Bolte graduated from what is today the Illinois Institute of Technology with a degree in chemical engineering. He began his military career in 1916, during World War I (although the United States was still officially neutral at this stage), when he earned a commission as a second lieutenant into the United States Army's Infantry Branch.

Two years later in 1918, after the American entry into World War I, which occurred on 6 April 1917, Bolte shipped off for the Western Front to reinforce the American Expeditionary Force under General John J. Pershing. Serving as a company commander in the 58th Infantry Regiment, part of the 4th Division, he saw combat in the Battle of Saint-Mihiel and the Meuse–Argonne offensive, where he was wounded in action on 19 September.

==Between the wars==
In August 1919, Bolte returned to the United States as a captain, nine months after the war came to an end on 11 November 1918 at 11:00am. In 1923, he married Adelaide Carleton Poore, the daughter of Major General Benjamin A. Poore. They were the parents of three children— Colonel David E., Brigadier General Philip L., and daughter Damara.

Bolte remained in the army during the interwar period and completed the Infantry Advanced Course at Fort Benning, Georgia in 1930, graduated in 1932 from the United States Army Command and General Staff College, and was ordered to the American Barracks, Tientsin, China for duty with the 15th Infantry Regiment as S-3 company and battalion commander. In April 1936, back in the United States, Bolte was assigned to command a battalion of the 13th Infantry Regiment at Fort Devens, Massachusetts. The following August, he entered the United States Army War College, graduated in June 1937, and remained there as an instructor until 1940, during World War II, although the United States was not yet involved in the war. On August 18, 1940, he was promoted to lieutenant colonel.

==World War II==
In 1941, Bolte, by now a colonel (having been promoted on 24 December 1941), journeyed to London as head of a group of army observers and, early in 1942, after the United States had entered World War II due to the Japanese attack on Pearl Harbor followed by the German declaration of war on the United States, assumed the position of chief of staff of U.S. Forces in the United Kingdom, with the one-star general officer rank of brigadier general.
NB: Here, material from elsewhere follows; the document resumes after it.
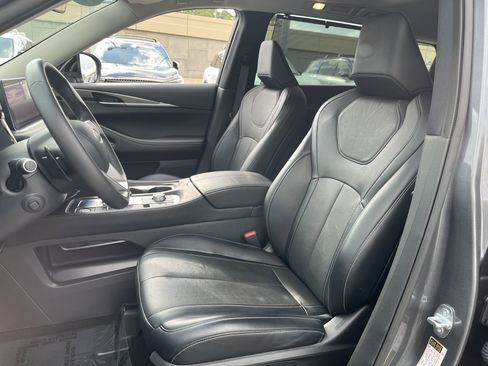 Certified 2023 INFINITI QX60 Luxe w/ Cargo Package AWD/4WD image 2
Promoted on 26 April 1943, to the two-star rank of major general, he returned to the United States in 1943 and raised and commanded the 69th Infantry Division in Mississippi.

In July 1944, upon the request of Lieutenant General Mark W. Clark, commanding the American Fifth Army on the Italian Front he was sent to Italy where he took over command of the 34th Infantry Division (nicknamed "The Red Bull"), an Army National Guard formation, then locked in fierce combat on the Arno River. He replaced Major General Charles W. Ryder, who had led the 34th Division for over two years. He led the 34th through several successful actions, including the rupture of the Gothic Line, the winter campaign in the Apennine Mountains, the breakthrough and the capture of the Italian city of Bologna in Operation Grapeshot (codename for the final offensive of the Italian Campaign), the surrender of the Axis forces in Italy on 29 April 1945, and the subsequent occupation of the Northwestern and then the Northeastern sectors of Italy. The end of World War II in Europe came soon afterwards.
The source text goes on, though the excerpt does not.